Menjelang gelap kami pindah lokasi ke Dong Men. Naik kereta arah balik dari Huaqiang. Stasiun Metro alias kereta bawah di sini terletak di mall. Atau bisa juga dengan kata lain, mall didirikan sengaja menyatu dengan stasiun. Akibatnya, keluar kereta kita bener-bener harus lewati bagian dalam mall. Dikasih rute muter-muter toko malah. Jadi, buat pendatang kayak kami butuh waktu lama untuk sampai ke pintu keluar. Itu aja hitungannya kita gak pake belanja lho. Kalau tergoda beli-beli di mall, bisa lain lagi ceritanya.
Kalau Huaqiang itu surganya elektronik, Dong Men menjadi surga belanja fashion. Setidaknya begitu yang saya liat. Dong Men Pedestrian Street, Pasar Dongmen, atau Dong Men Shopping Street, ramai sekali di akhir pekan. Saya jadi mikir, ini karena penduduk Cina yang memang banyak, atau memang orang hangout beneran. Orang-orang yang saya liat di Dong Men, rata-rata berpakaian modis dan keliatan keren. Begitu juga dengan gedung-gedungnya. Meski mengusung konsep kekinian, gedung di sini gak meninggalkan nuansa Cina.

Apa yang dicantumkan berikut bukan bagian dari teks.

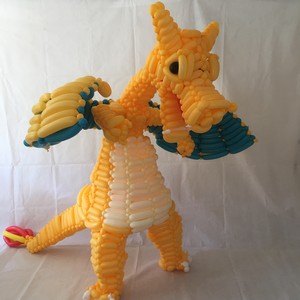 balloon model charizard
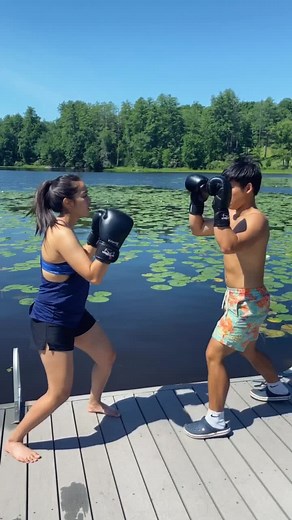 I was not expecting that at all !!! 😳😳😳 #boxing #couplesworkout #foryoupage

Jadi keliatan eksotis gimana gitu. Di sinilah kami mencari makan malam. KFC jadi pilihan. Selain tempatnya bagus, interiornya modern, anak-anak juga suka makan ayam. Ditambah lagi, kami gak punya waktu survey restoran satu-satu, mencari tempat makan yang gak pake babi di menunya.
Sayangnya di balik gemerlap bangunan megah dan pengunjung yang keliatan cakep, ada horor yang tersembunyi. Alamaak, toiletnya jorok banget. Gak peduli secantik apa itu interior resto, pas ke belakang langsung illfeel. Sudahlah bau, tissu bekas berhamburan di lantai. Ini yang kurang tenaga kebersihannya atau orang-orangnya yang jorok, saya gak tau deh. Keano aja mengurungkan niat mau pipis waktu masuk kamar mandi.

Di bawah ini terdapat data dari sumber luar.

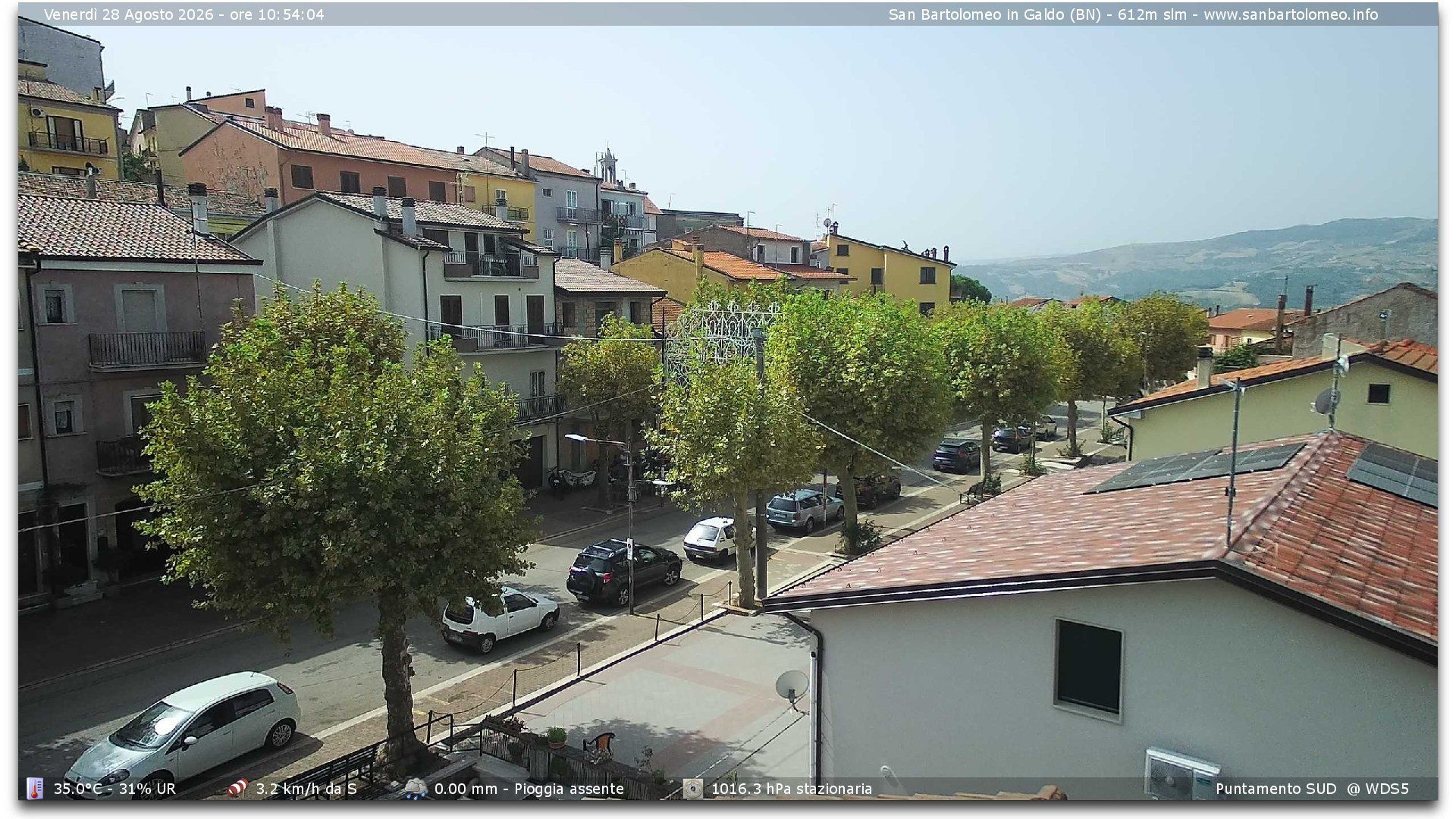 Traffic Cam San Bartolomeo in Galdo: Villa Comunale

Sebel sama toilet, akhirnya sedikit terobati dengan liat-liat baju murah. Modelnya lucu-lucu, dan harganya gak jauh dari seratus ribu rupiah.
Saatnya mamak dan anak cewek belanja. Si bapak dan anak lelaki tunggu di luar aja ya.. Keano dengan mobil transformer di pelukan, alhamdulillah bisa duduk anteng di depan toko.
Selain baju, di Dong Men juga banyak toko yang menjual makanan oleh-oleh. Mulai dari beragam permen, manisan, sampai buah dan cokelat. Khusus buat produk ini, menurut saya harganya gak murah. Udah gitu, saya juga gak yakin apakah produk ini halal. Keputusannya, kita gak beli makanan di sini buat oleh-oleh.
Menuju stasiun untuk pulang, kami melewati foodcourt. Tapi karena perut kenyang makan ayam, mau jajan juga males.
Menjelang pintu masuk stasiun, kami melihat kedai yang menarik tampilannya. Si ibu penjual pake kerudung diuntel-untel. Terus ada label halal pake tulisan Arab.. yeaay. Nemu juga makanan halal.
Ternyata kedai ini menjual makanan khas Uighur. Salah satu suku di Cina yang kebanyakan orangnya beragama Islam. Jenis makanannya paduan antara martabak mesir, ada juga yang mirip kebab Turki. Sebagian lain kayak roti cane. Jarang-jarang nih nemu makanan Uighur, halal pula. Kami putuskan membeli beberapa untuk dibungkus. Mau makan di sana perut masih kenyang. Lagipula udah malam banget. Kalau gak salah inget mendekati jam 11. Kami takut ketinggalan kereta terakhir ke Hong Kong.
Emang sih, visa on arrival berlaku sampai 5 hari. Tapi, semaleman terdampar di Shenzhen bisa mengganggu jadwal jalan-jalan berikutnya. Masih ada Macau yang pengen kita masuki.
Bye bye Shenzhen..kami pulang dengan kresek martabak ala Uighur di tangan.